Et ils sont nombreux : une campagne de sensibilisation sur l’herbicyclage à Québec, un calendrier permanent sur la qualité de l’air intérieur des bâtiments (Calend’AIR), le développement des toitures et des murs végétaux (mousses et plantes qui permettent de prolonger la durée de vie des toits et des murs tout en améliorant l’isolation), des «visites vertes» pour démontrer pratiquement divers aspects permettant de préserver les ressources, un jeu de société pour acquérir des connaissances sur les différents rôles des arbres et des végétaux que l’on retrouve en milieu urbain, un soutien à la démocratie locale pour faciliter la participation citoyenne, un programme communautaire de réduction de la facture d’énergie (PCRFÉ) et plusieurs autres.
Développement durable
Vivre en ville est aussi actif dans la promotion de l’utilisation accrue de la bicyclette comme moyen de transport. «Mais il faut une volonté à divers niveaux : il faut construire des pistes cyclables utilitaires et non seulement récréatives, il faut aussi des employeurs conciliants qui mettront des vélos disponibles pour leurs employés, installeront des rangements sécurisés ou équiperont simplement leurs locaux de casiers et de douches», lance Jérôme Vaillancourt.

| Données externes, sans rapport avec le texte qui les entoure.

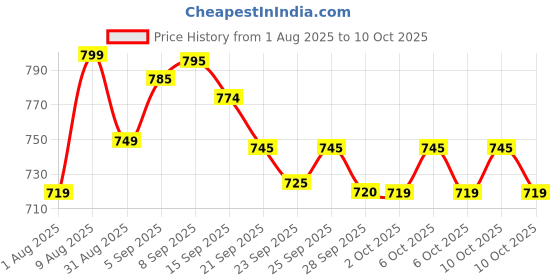 amazon.in Sakit® Original 65W CMF for Nothing Gan Trio Charger Adapter | 3 Port USB & Type C Fast Wall Charging Adaptor Compatible with CMF Phone 1/2/2 Pro/Nothing Phone 2a Plus/2A/2/1 and Samsung Smartphone's Price History Graph from 1 Aug 2025 to 10 Oct 2025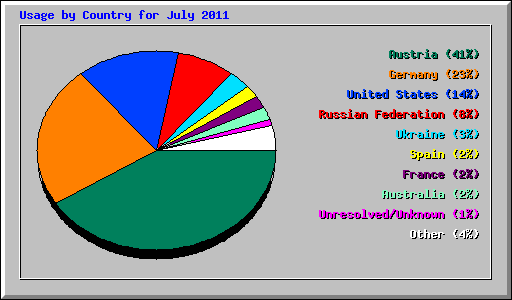 Usage by Country for July 2011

Autre projet d’importance : Vivre en ville espère mettre au point une certification de collectivité viable. En clair, il s’agit que le développement d’une collectivité soit réalisé selon des critères de développement durable autant pour la construction des immeubles, l’aménagement du quartier, la présence de services essentiels comme l’alimentation dans un rayon accessible à pied, d’écoles et de services de santé, en plus d’essayer d’harmoniser la densité et la diversité de la population. Bref, donner au projet d’ensemble une direction respectant des caractéristiques viables. Une fois les critères établis, la mise sur pied d’un projet visant à démontrer comment fonctionne ce processus de certification constitue la prochaine étape de l’organisme. «Pour démontrer concrètement les gains réalisés», résume Jérôme Vaillancourt. Une manière aussi de déterminer comment coter pratiquement les critères établis. Peu banale comme démarche, mais qui pourrait provoquer une véritable révolution dans nos façons de développer nos cités.